Who are the Manchester 10?
Why is their case central to combating racism in the legal system?
What can you do to help?
A public event on:
Wednesday 13th November 2024
2pm to 4pm
In the IAS Common Ground, Ground Floor, Wilkins Building, UCL
Speaker: Roxy Legane, Director of Kids of Colour, will introduce the case of the Manchester 10 and the questions this case raises about state racism and access to a fair hearing in the UK today. The meeting will include showing of a short film and discussion of how to support the campaign for justice.
ALL WELCOME
The Manchester 10 are ten young Black men from Manchester who are serving lengthy prison sentences on after being constructed as a ‘gang’ by the prosecution.
The majority of the young men did not harm, and for some, the only evidence against them was their participation in a group chat, which the prosecution argued was a forum to plan violent revenge for the killing of their friend. Despite the brief nature of this chat, no agreements being made, and no harm coming from what was discussed, the young men were convicted on conspiracy charges.

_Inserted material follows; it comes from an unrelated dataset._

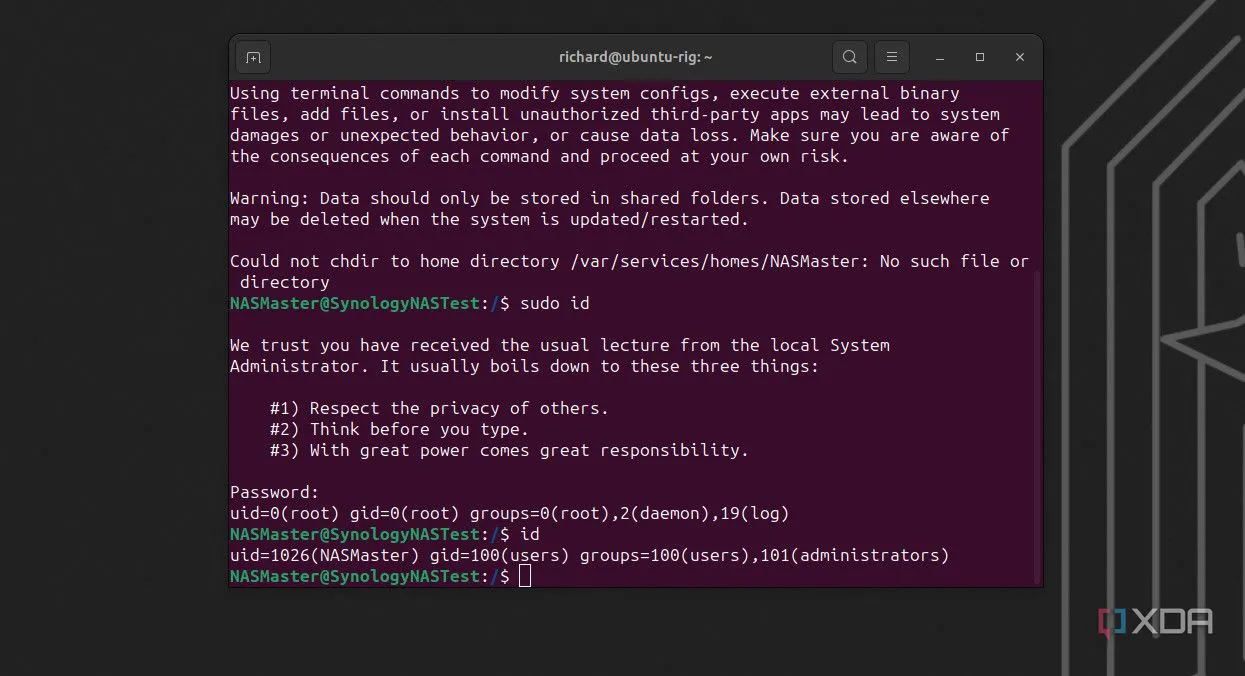 Giao diện SSH vào NAS Synology, ví dụ ứng dụng Netmiko trên các host Linux/SBC trong lab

In July 2024, a leave to appeal hearing was held in relation to some of the ten. In this hearing, Keir Monteith KC submitted that the use of a "gang narrative for people who had no part in violence" was used to build the prosecution's case, and that "institutional racism" helps "explain what went wrong in this case."

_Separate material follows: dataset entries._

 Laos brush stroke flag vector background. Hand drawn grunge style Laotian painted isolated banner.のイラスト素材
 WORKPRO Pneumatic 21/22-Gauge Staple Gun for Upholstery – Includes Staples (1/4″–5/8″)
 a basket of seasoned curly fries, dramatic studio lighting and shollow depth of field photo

In the original trial, the prosecution had shown a photo of one of the ten with cash to his ear as part of their ‘evidence’. This was questioned by Keir Monteith KC, arguing that Ademola Adedeji, his client, was simply "copying celebrities" in a social media phenomenon known as the 'money phone', and the prosecution, judge's and the jury's reliance on such evidence as 'gang culture' and drug dealing was influenced by "racist stereotyping and cultural ignorance".
Former President of Def Jam records Kevin Liles provided fresh evidence on the money phone, saying “the attempt to submit images of a money phone as "gang activity" is breathtaking cultural ignorance and laziness…At worst, it is a knowingly cynical and racist attempt to criminalize hip-hop and Black culture.”
This is the first time that submissions have been publicly made in the Court of Appeal that a conviction is "unsafe", because so called 'gang evidence' is the product of "institutional racism".